By creating an operating model that has learnt from previous mistakes will prevent people from repeating them. It will allow them to perform better in their job with more confidence and focus their energy on innovating instead of avoiding errors.
As mentioned before, the incident management process is involved in all stages. To make things easier, let me use a timeline format.
As soon as we detect an anomaly
The airline industry uses the DECIDE model, where each letter indicates a step to correct the current course and avoid a disaster.
Detect what went wrong.
Estimate what time they have to act is.
Choose a decision that will bring a desirable outcome.
Identify what actions this decision involves.
Do, as in, execute the decision.
Evaluate the outcome of the decision and evaluate if we need further actions.
A way to make this process efficient is by having an action plan or a disaster recovery plan. The name is not essential. What matters is that anyone in the team knows, by being documented, what steps it should take to detect what went wrong and what variables to leverage when choosing a
If the outcome is the desired one, the DECIDE process is closed, and the post-mortem starts.
We prevented the disaster. Now what?
Something happened, and we need to understand why and how we can prevent it from happening again. We are going to obtain these learnings from the post-mortem.
First, we need to set a timeline of events. For example:
- At 16:07, we detected an abnormal number of users logging in to the platform even though no communication was sent to them.
- At 16:21, some team detected that there might have been a database breach to the users' database.
- At 16:23, the platform was disabled and put in maintenance mode to prevent any further logins until the event was investigated.
- At 16:35, all passwords were cleared, the platform re-enabled, and communication of breach was sent to the users.
This timeline is telling us a part of the story, from the moment users have been affected to how we prevented it from escalating. We will need now to establish what took us there. For this, we should prepend these events to the timeline. For example:
- At 12:45, some team deployed in production some feature that enabled users to do some action. (Link to the pull request of the code). This pull request had an unsecured API that allowed anyone to connect to the database and do manual queries.
We have established what has caused the user breach, but we still don't know why it happened and how to prevent it.
Is it possible that the review of the code was not good enough? That the team was rushed into doing something without the time required to do it well? Was the unsecured API part of the tasks?
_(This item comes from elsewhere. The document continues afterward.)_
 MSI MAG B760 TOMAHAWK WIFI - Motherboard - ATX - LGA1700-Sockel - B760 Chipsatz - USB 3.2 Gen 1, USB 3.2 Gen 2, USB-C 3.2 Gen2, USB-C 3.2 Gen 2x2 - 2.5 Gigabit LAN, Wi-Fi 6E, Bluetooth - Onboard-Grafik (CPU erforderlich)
By identifying the why will allow us to create a way to prevent this. Let's imagine that the API was intended to be there, just not unsecured. Then we can say that establishing some automatic testing that no API should be reachable without credentials would have prevented this incident. We will add this new layer to what we are going to call the Swiss Cheese model.
As you can see in the graph, this model consists of several layers that should catch or prevent an event from escalating enough to end up in a disaster. The wholes are variables that we cannot contain.
Not done yet
We have now established what happened, why it happened and how to prevent it, but steps are left.
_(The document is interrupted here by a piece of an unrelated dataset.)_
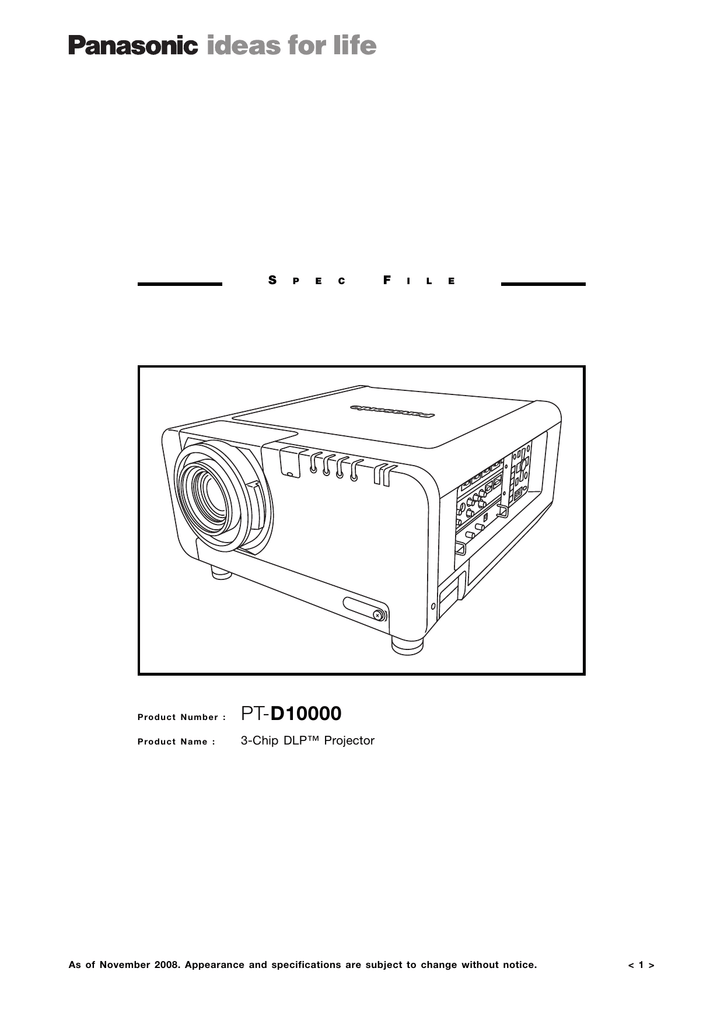 Panasonic PT-D10000 Projection Television User manual | Manualzz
We need to evaluate the impact. Was there a loss or profit? How many users have been affected? Is there any industry or market related process we should start? Assessing these variables will allow us to understand how critical the event was or could have been. Everyone will immediately understand why following up on these incidents improves processes and why such methods are in place, sometimes at the cost of feeling bureaucratic.
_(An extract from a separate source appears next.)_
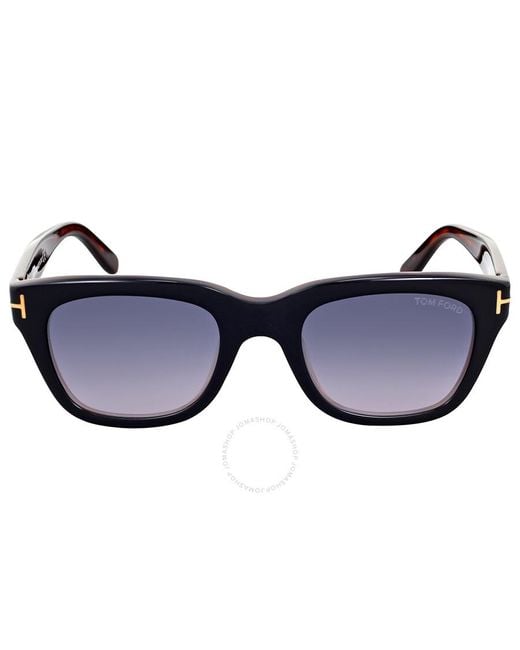 Tom Ford Blue Snowdon Smoke Gradient Square Sunglasses Ft0237 05b 50 for men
Another benefit of this is that it will allow management to understand if maybe speed has too much leverage than quality and how to restore the balance.
But, why do I need a manager for this? It's tough to make sure that all teams follow this process correctly.
Having an incident manager or incident management team will make sure everyone understands it and does as required. If any legal process should follow the incident, having a clear understanding of it could prevent a company from going bankrupt.